Not so. Saunders: “Another lightweight might have been the spikiest, worst-balanced and traction-limited thing in the pit lane, but the Atom was none of the above.” Prior: “I feared I’d end up too cold, wet and miserable. I was wrong. I was cold, wet and joyful.” Disdale: “The weather should have played against a very fast kid’s climbing frame, but it simply enhanced its appeal, putting you closer to your surroundings for a totally immersive driving experience.” Davis: “It’s a reminder of how wonderful simplicity can be. It feels so superbly light and agile, with feelsome steering and perfectly weighted controls.”

As for me, I was floored by its ability to find grip and inspire confidence. It was pulling way past 130mph approaching the notorious rise before Quarry bend, yet it would flick deftly left over the streaming track, allow you to nail the brakes, shed a gear or two, dive into the right-hand turn and slither away from the apex. If we’d not all experienced it, we’d have had trouble believing it.

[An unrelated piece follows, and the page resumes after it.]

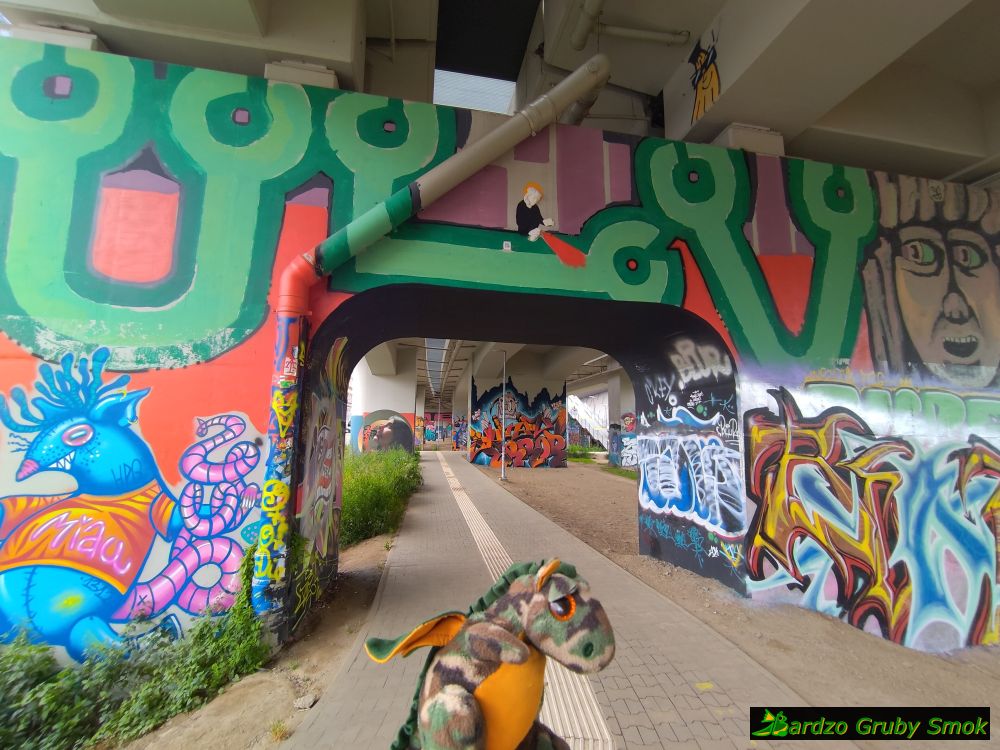 grafitti pod halą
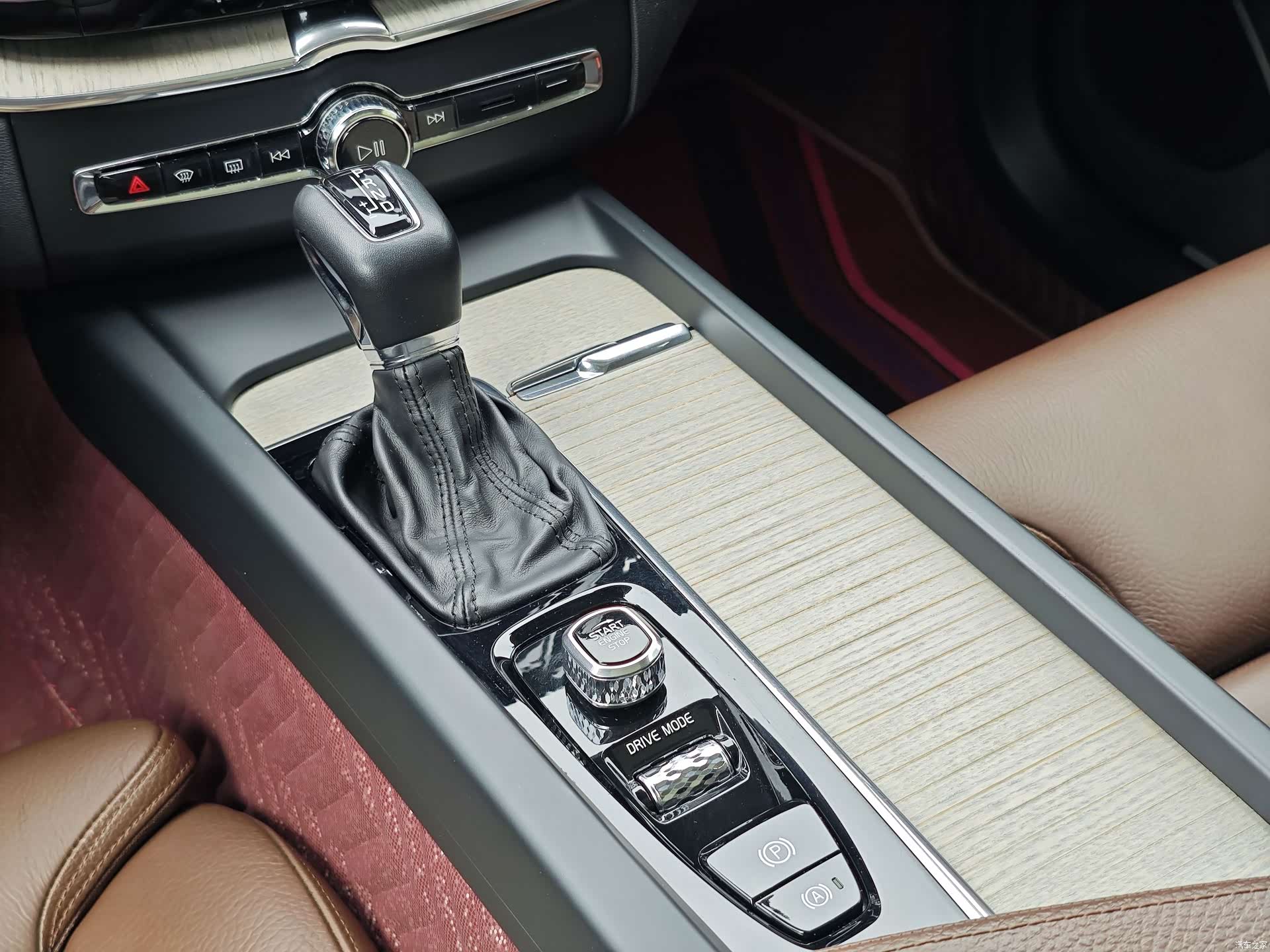 Volvo XC60, 2020 19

Which just leaves the 765LT, the most powerful car ever to attend this event, and I’d be lying if I said the prospect of driving a car predominately intended for dry race tracks didn’t make us pause as the rain belted down. Yet it defied expectations.

At the most basic level, the fact that you can see out so well is crucial, as is, on the road, its fine ride quality. It builds the confidence without which any such car would be at best horrid, at worst a menace. Yet Disdale called it “shockingly good on the road. It should have been terrifying but felt alive and on your side.” Davis found it a terrific car to drive at “social” speeds because its controls “are so wonderfully communicative”.

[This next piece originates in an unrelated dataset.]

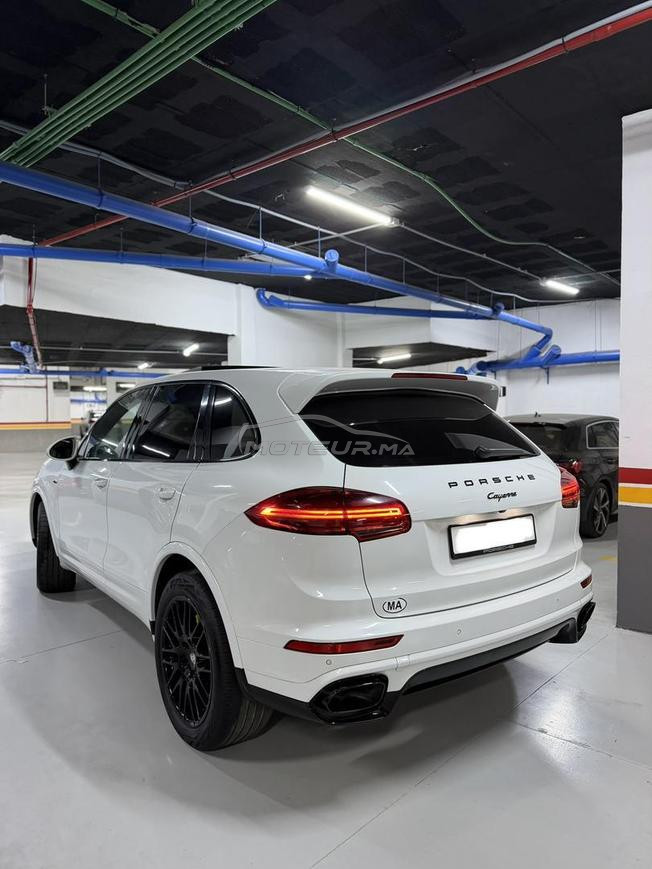 Porsche Cayenne Platinum Edition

And that’s the thing with this latest LT: through the finest power-assisted rack and feedback of the chassis, you felt fully informed and in charge, despite the devastating firepower at your disposal. The only bone of contention was its limit handling. Disdale thought it “sublime” and Saunders observed “I like how the stability systems let you play with its handling at the limit and give an extra dimension of appeal, without needing to be fully deactivated” while I found it far more reassuring to slide about than most, but Prior still found the “lag-to-ohmygawd oversteer still there on track”. There’s no easy explanation for such a divergence of opinion, other than it seems the LT reacts better to some driving styles than others.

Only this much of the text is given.